*Material provided*
+---+
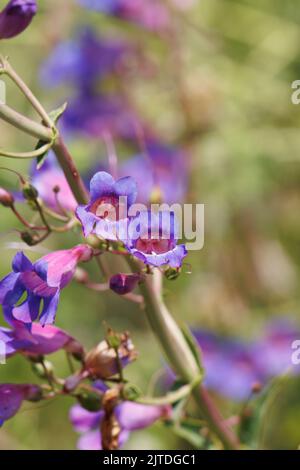 Porpora fioritura polideterminato dichasiato thyrse di Pendemon spectabilis, Plantaginaceae, nativo nelle montagne di San Bernardino, Springtime. Foto Stock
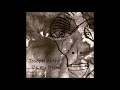 Joseph Arthur  - Be my friend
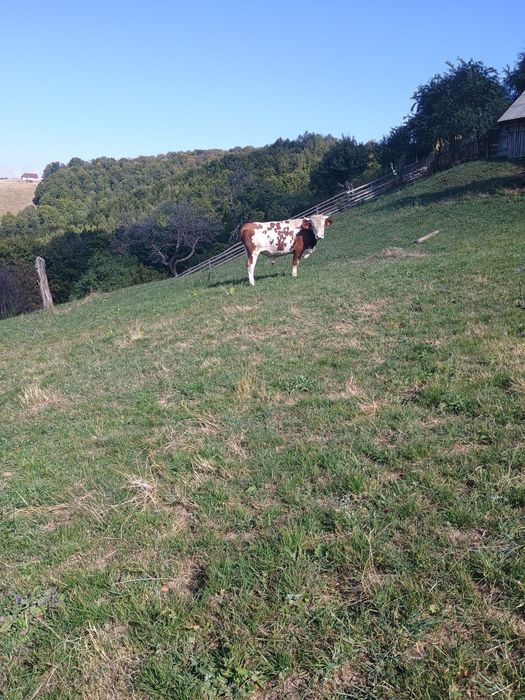 Vițel și taur de vînzare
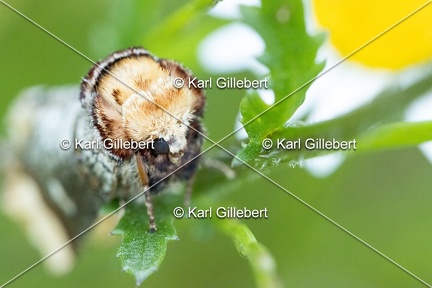 Karl-Gillebert-Phalera-bucephala-Bucephale-2821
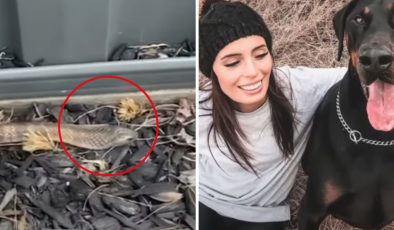 Greenvale’de görülen yılan bir köpeği öldürdü YILAN GÖRÜRSENİZ NE YAPMALISINIZ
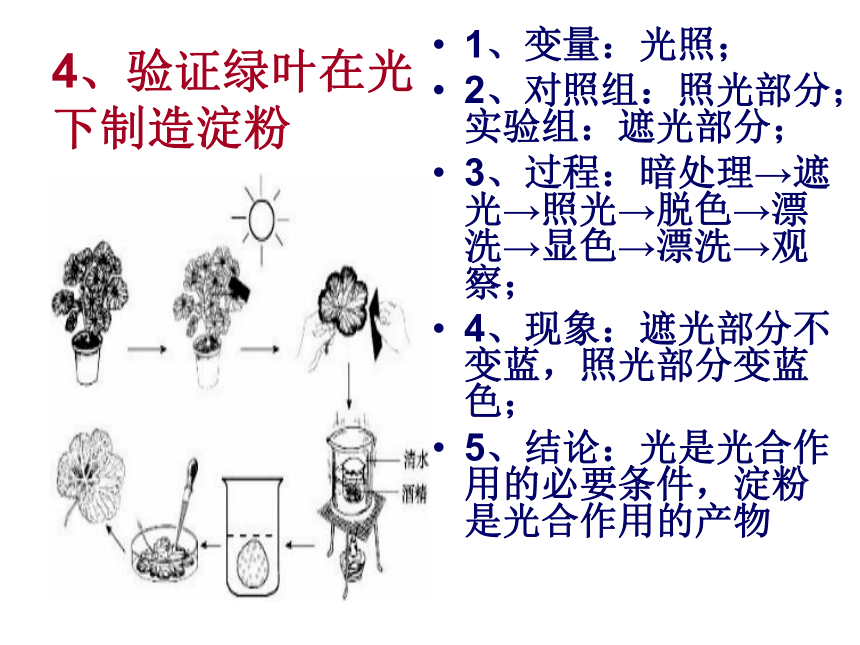 济南版初中生物科学探究专题复习（46张PPT）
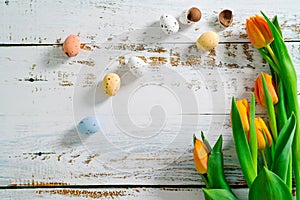 Multicolor Easter painted speckled eggs in basket on white wooden table with tulips. Traditional Spring composition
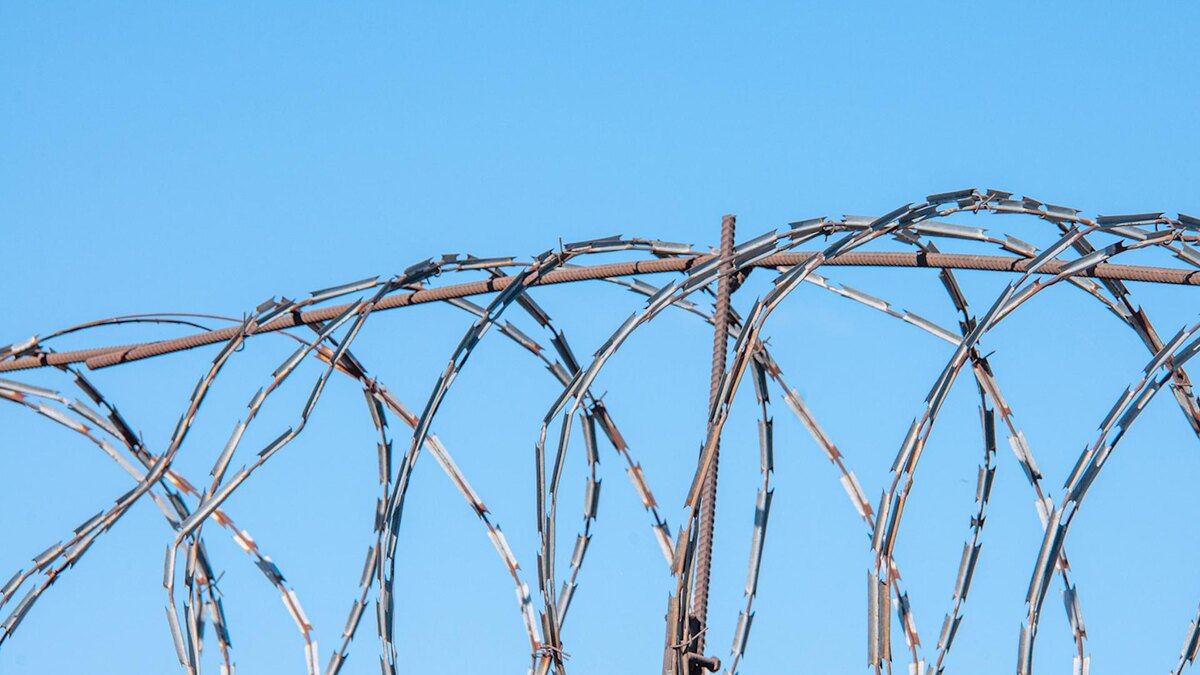 Фото: Svetlana Vozmilova/globallookpress.com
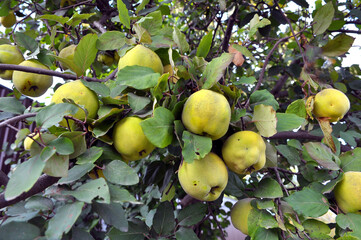 Quince (Cydonia oblonga) ripens on the branch of the bush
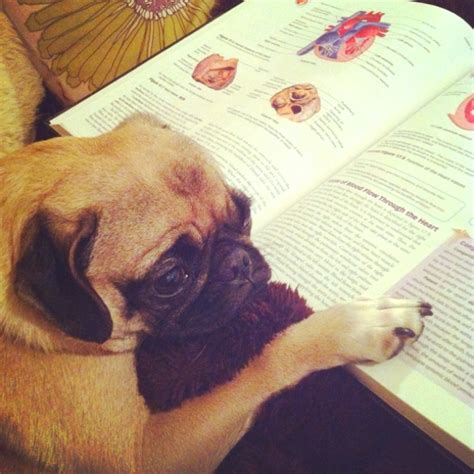 Study pug. 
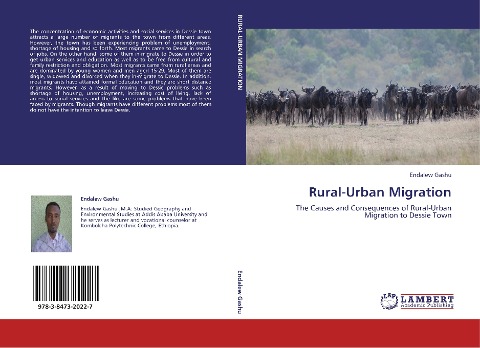 Rural-Urban Migration: The Causes and Consequences of Rural-Urban Migration to Dessie Town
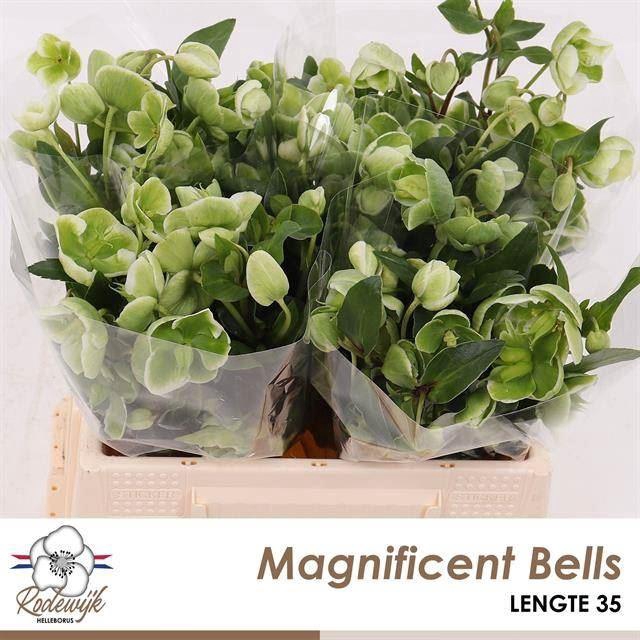 <h4>HELLEB MAGNIFICENT BELLS</h4>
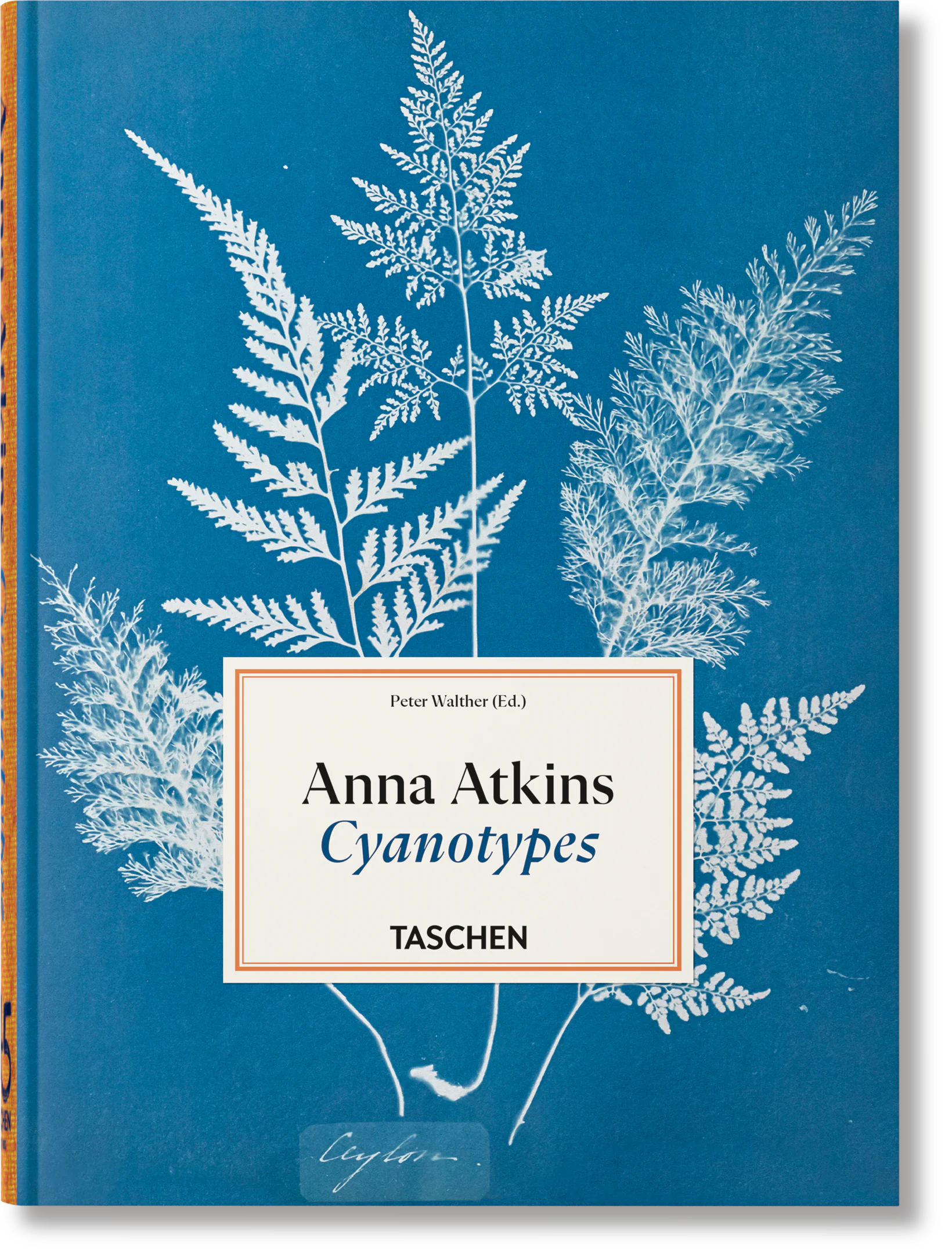 Książka - Anna Atkins. Cyanotypes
+---+
*Problem*
None of the pictures should appear, though every line of the data above must be reproduced exactly.

*Expected output*
 Porpora fioritura polideterminato dichasiato thyrse di Pendemon spectabilis, Plantaginaceae, nativo nelle montagne di San Bernardino, Springtime. Foto Stock
 Joseph Arthur  - Be my friend
 Vițel și taur de vînzare
 Karl-Gillebert-Phalera-bucephala-Bucephale-2821
 Greenvale’de görülen yılan bir köpeği öldürdü YILAN GÖRÜRSENİZ NE YAPMALISINIZ
 济南版初中生物科学探究专题复习（46张PPT）
 Multicolor Easter painted speckled eggs in basket on white wooden table with tulips. Traditional Spring composition
 Фото: Svetlana Vozmilova/globallookpress.com
 Quince (Cydonia oblonga) ripens on the branch of the bush
 Study pug. 
 Rural-Urban Migration: The Causes and Consequences of Rural-Urban Migration to Dessie Town
 <h4>HELLEB MAGNIFICENT BELLS</h4>
 Książka - Anna Atkins. Cyanotypes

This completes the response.